- Opening Delimiter -

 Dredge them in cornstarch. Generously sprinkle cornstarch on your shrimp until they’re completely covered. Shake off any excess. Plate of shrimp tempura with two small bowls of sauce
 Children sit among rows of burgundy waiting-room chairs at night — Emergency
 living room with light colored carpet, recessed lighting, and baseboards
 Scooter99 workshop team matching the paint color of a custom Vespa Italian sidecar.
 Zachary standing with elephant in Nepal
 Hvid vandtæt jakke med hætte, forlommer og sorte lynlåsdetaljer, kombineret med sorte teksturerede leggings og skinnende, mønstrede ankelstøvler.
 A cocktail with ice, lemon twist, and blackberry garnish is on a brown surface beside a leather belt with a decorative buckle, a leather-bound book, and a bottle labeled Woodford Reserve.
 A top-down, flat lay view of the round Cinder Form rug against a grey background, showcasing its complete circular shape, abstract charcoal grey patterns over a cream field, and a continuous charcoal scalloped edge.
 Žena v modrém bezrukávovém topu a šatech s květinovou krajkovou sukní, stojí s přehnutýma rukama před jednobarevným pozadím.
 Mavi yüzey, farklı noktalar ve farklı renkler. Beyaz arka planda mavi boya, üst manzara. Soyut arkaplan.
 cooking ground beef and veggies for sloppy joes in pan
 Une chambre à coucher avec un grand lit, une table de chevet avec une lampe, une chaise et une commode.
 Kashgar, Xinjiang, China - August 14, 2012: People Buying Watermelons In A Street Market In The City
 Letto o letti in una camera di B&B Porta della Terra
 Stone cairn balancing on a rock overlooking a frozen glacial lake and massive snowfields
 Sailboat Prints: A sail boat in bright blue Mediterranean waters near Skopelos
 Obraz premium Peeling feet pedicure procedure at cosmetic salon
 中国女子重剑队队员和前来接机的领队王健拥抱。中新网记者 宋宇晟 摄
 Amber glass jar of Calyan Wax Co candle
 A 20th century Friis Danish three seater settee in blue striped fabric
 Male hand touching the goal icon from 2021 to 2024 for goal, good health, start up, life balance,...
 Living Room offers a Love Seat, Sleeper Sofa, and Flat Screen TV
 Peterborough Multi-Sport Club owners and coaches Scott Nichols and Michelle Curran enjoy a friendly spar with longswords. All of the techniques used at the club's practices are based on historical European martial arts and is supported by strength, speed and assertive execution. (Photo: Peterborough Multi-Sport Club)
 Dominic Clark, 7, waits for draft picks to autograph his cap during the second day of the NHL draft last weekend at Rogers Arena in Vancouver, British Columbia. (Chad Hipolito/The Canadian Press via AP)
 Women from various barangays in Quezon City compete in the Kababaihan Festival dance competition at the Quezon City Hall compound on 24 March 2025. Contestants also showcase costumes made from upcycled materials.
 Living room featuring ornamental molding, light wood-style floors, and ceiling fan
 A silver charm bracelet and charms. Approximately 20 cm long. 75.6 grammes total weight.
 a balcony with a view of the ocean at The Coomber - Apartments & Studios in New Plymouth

- Closing Delimiter -

*TASK GOAL*
In the data above, copy every line where the string "view" appears.

*WORKED SOLUTION*
 A top-down, flat lay view of the round Cinder Form rug against a grey background, showcasing its complete circular shape, abstract charcoal grey patterns over a cream field, and a continuous charcoal scalloped edge.
 a balcony with a view of the ocean at The Coomber - Apartments & Studios in New Plymouth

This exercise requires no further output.